This Court has stated that, under the first factor, new constitutional rules “that go to the heart of a reliable determination of guilt or innocence” will be applied retroactively, whereas rules that “are only collateral to or relatively far removed from the fact-finding process at trial” will not (id. at 221). Our prior focus on the accuracy of the fact-finding process at trial should not restrict us given that we have yet to analyze the retroactivity of a State rule that goes to the heart of the validity of a plea. Just as with the first requirement for a watershed rule under Teague, the narrow focus on factual accuracy in determining the retroactivity of a rule governing pleas is inappropriate. The relevant inquiry is whether the new rule is necessary as a matter of fundamental fairness to protect the integrity of plea proceedings and to ensure that a defendant’s plea is knowing and voluntary.
The rule that a noncitizen must be informed of the immigration consequences of pleading guilty undeniably is necessary as a matter of fundamental fairness to ensure that a defendant’s plea is knowing and voluntary. Its effect is not indirect — the rule goes to the heart of the validity of a conviction by plea.

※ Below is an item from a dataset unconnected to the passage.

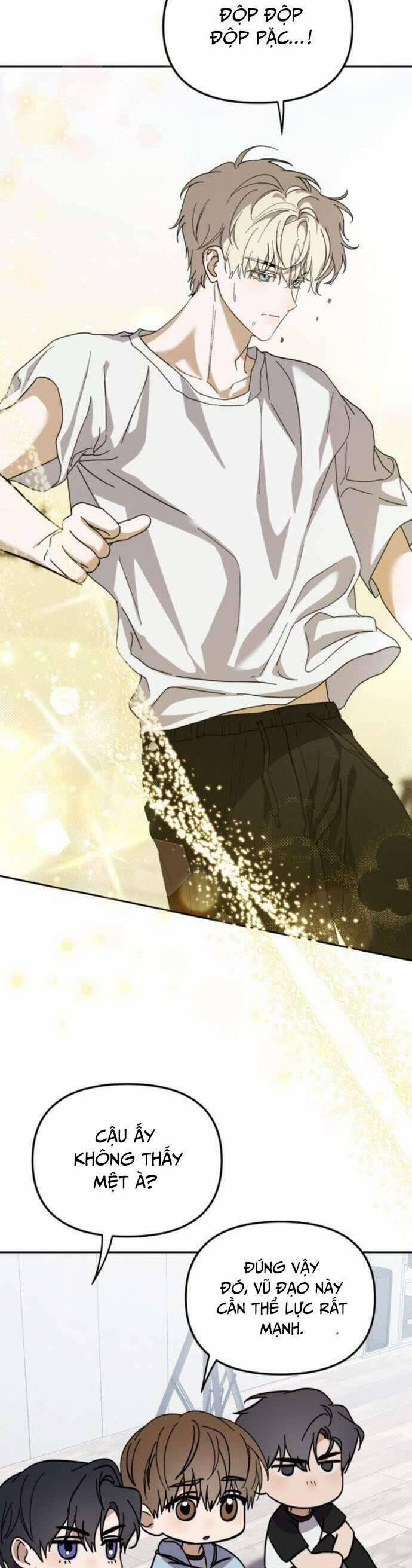 Tôi Trở Thành Thành Viên Trẻ Tuổi Nhất Nhóm Nhạc Idol Nam 34 trang 26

The answer to the retroactivity question thus is found in the first factor and consideration of the final two factors is unnecessary. But even if the final two Pepper factors were necessary to the analysis, they would not warrant a different result. This Court’s decision in Ford would seem to have induced little reli*806anee by law enforcement authorities. If we expand the scope of the second factor to encompass the defense bar, as does the majority, we also must account for the significant changes in immigration law shortly after we decided Ford that undermined our analysis. “For at least the past 15 years, professional norms have generally imposed an obligation on counsel to provide advice on the deportation consequences of a client’s plea” (Padilla, 559 US at 372).

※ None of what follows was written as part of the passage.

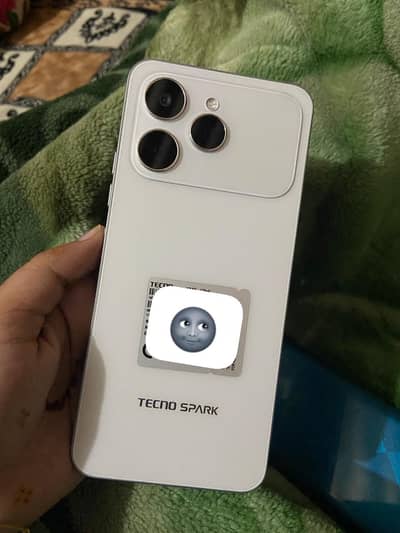 tecno spark 40 6+6/128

Last, the effect on the administration of justice is speculative. Finality should not weigh heavily in this analysis. In Padilla cases, counsel’s advice will not be on the record, and defendants by necessity can seek relief only in post-conviction CPL 440.10 proceedings. In any event, the majority makes no attempt to quantify the number of defendants who might seek relief under CPL 440.10 were the Padilla rule given retroactive effect. And, in reality, the floodgates argument lacks force, as many affected defendants already have been deported (US Department of Homeland Security, Immigration and Customs Enforcement, FY 2013 ICE Immigration Removals, https://www.ice.gov/removalstatistics/ [reporting over 100,000 interior criminal removals in 2013]).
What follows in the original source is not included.